Positional Dependencies Models

Positional dependencies models capture at least some of the affinity dependencies that can exist within a binding site. Such a dependency exists when a protein’s affinity for a particular nucleotide in the binding site is affected by the properties of another nucleotide at another position. Multiple studies have shown that the strongest dependencies between different positions within the binding site tend to be nearest-neighbor. This finding is in sync with existing protein-crystal structures that show that when amino acids simultaneously interact with multiple DNA nucleotides, they also tend to be nearest-neighbor.
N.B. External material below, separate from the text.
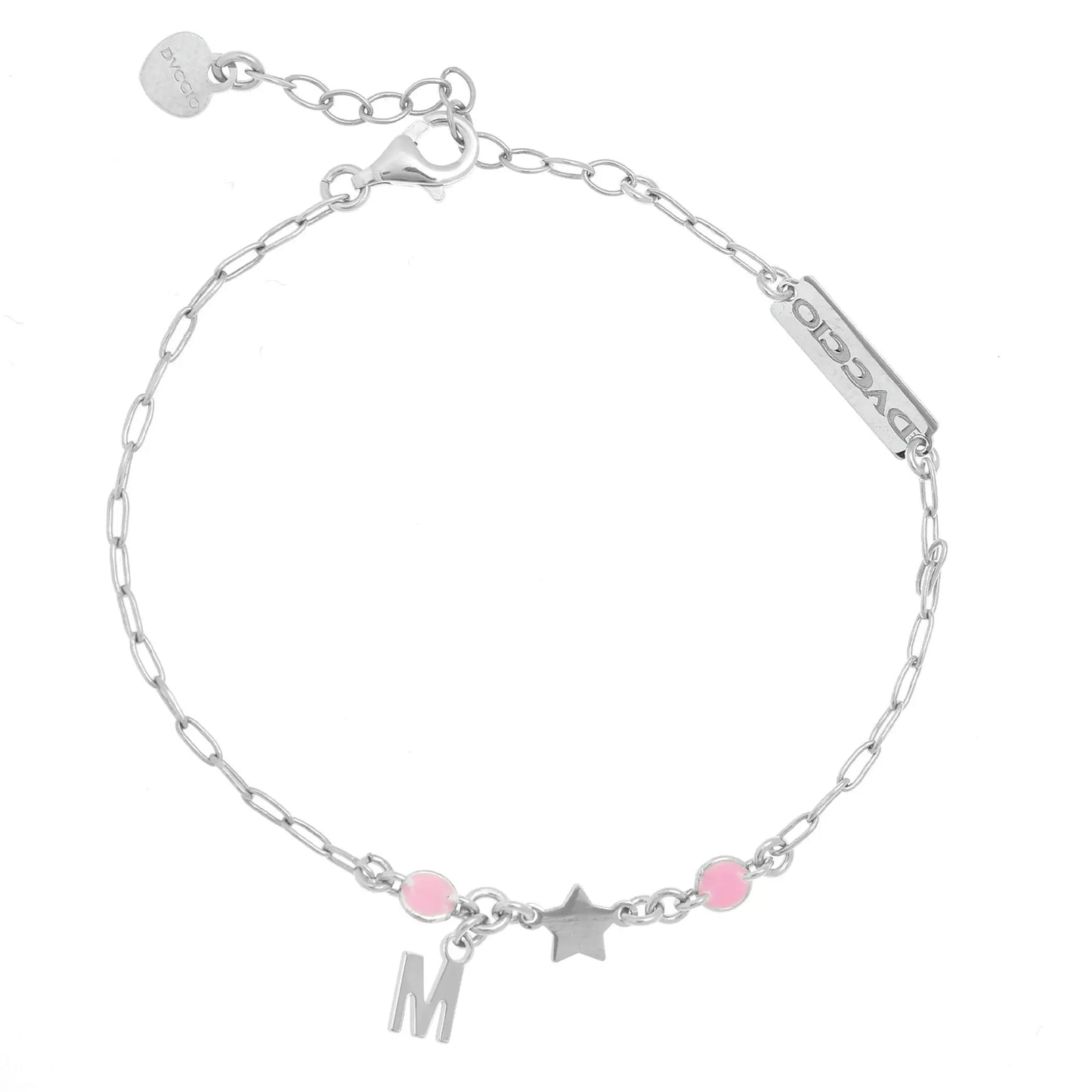 Bracciale Stella in Argento 925 Rodio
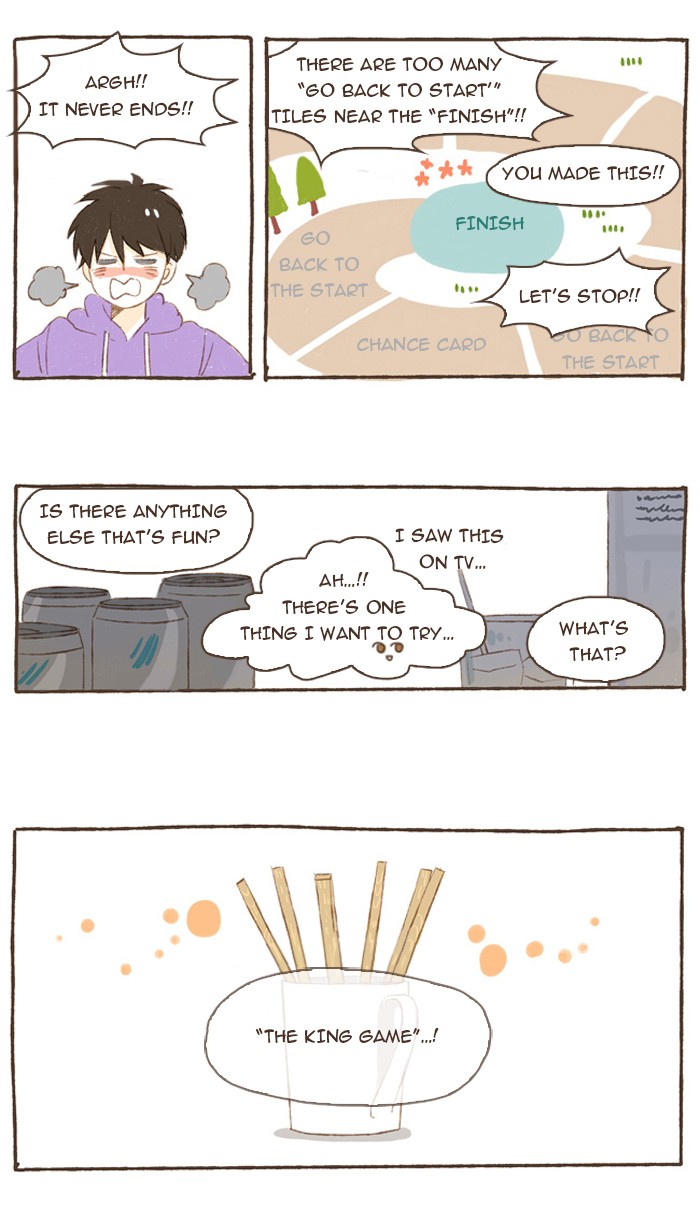 Studio Salty Chapter 12 page 12 - Chapter 12: Ep. 12 - Studio Sweet's New Year's Party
An Nth order model is able to capture N simultaneous interactions between N+1 nearest-neighbor positions in a binding site of length K. The table below summarizes current Nth order models used to capture protein-DNA and protein-RNA specificity.



Affinity Models

0th Order PWM, PSAM, 0th Order pHMM (Positional Independence Models)
1st Order FSAM (dinucleotide PSAM), dinucleotide PWM, 1st Order pHMM
2nd thru (K-2)th Order Nth Order PSAM, PWM, or pHMM
(K-1)th Order All K-mer model


PSAMs and PWMs are fixed-length models that cannot model variable length motifs. Profile Hidden Markov Models (pHMMs) contain additional parameters that model tolerated insertions and deletions (indels) between the positions in the consensus binding motif.

Note that as the order of the models increase, the number of parameters in the models also increases significantly. For example, when going from a 0th Order PSAM to the All K-mer model the number of parameters increases from 3K to 4K.